MetalSucks recently polled its staff to determine who are The Top 25 Modern Metal Guitarists, and after an incredible amount of arguing, name calling, and physical violence, we have finalized that list! The only requirements to be eligible for the list were that the musician in question had to a) play metal (duh), b) play guitar (double-duh), and c) have recorded something in the past five years. Today we continue our countdown with Enslaved’s Ivar Bjørnson…

Enslaved arrive at our feet as a package deal: woozy synths and atmospherics; Pink Floyd-ian touches; Grutle Kjellson’s harsh, phlegmy scream; and the back in forth between prog-flecked black metal and black metal-flecked prog. But considering the band’s individual achievements, none come off better than Ivar Bjørnson, founding axeman. Their metamorphosis into what they are today — a truly great metal band you could at best arguably call “black metal” — would have been impossible without him. The bold steps between Frost — their debut full length — and their latest — the dense masterpiece Axioma Ethica Odini — are like listening to someone grow up, taking in more music and life experience. Along the way Enslaved always flourished, and there isn’t a band in black metal with more interesting, bizarre, and pleasing guitar work than them.

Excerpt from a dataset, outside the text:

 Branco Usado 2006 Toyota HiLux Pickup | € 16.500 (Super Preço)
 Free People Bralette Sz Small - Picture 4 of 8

Ivar was at the helm for that the whole time.

Consider the True Norwegian Black Metal guitarists: on one end, you have the punky sloppiness of Darkthrone and Euronymous-era Mayhem, and on the other, the rigid perfectionism of Emperor, Immortal, and Satyricon. Enslaved began in the middle and wound up shoving both sides aside: while guys like Ulver certainly did their part, Enslaved proved that black metal could be more than blastbeats, melancholy guitars, occasional folk instruments, and stuff about vikings (though they obviously didn’t shy away from that…) Ihsahn and Immortal’s Abbath still write technically demanding metal riffs and Darkthrone are somehow more metalli-punk than ever, but Ivar and Enslaved evolved at an alarming rate, becoming something different altogether, sometimes changing from album-to-album. But there’s never been stylistic whiplash, even when drawing from influences oceans away from eachother. His guitar has been the adhesive that’s held it all together, and by doing so, probably helped to ensure black metal’s survival after the bodies, church ashes, and bad PR started piling up.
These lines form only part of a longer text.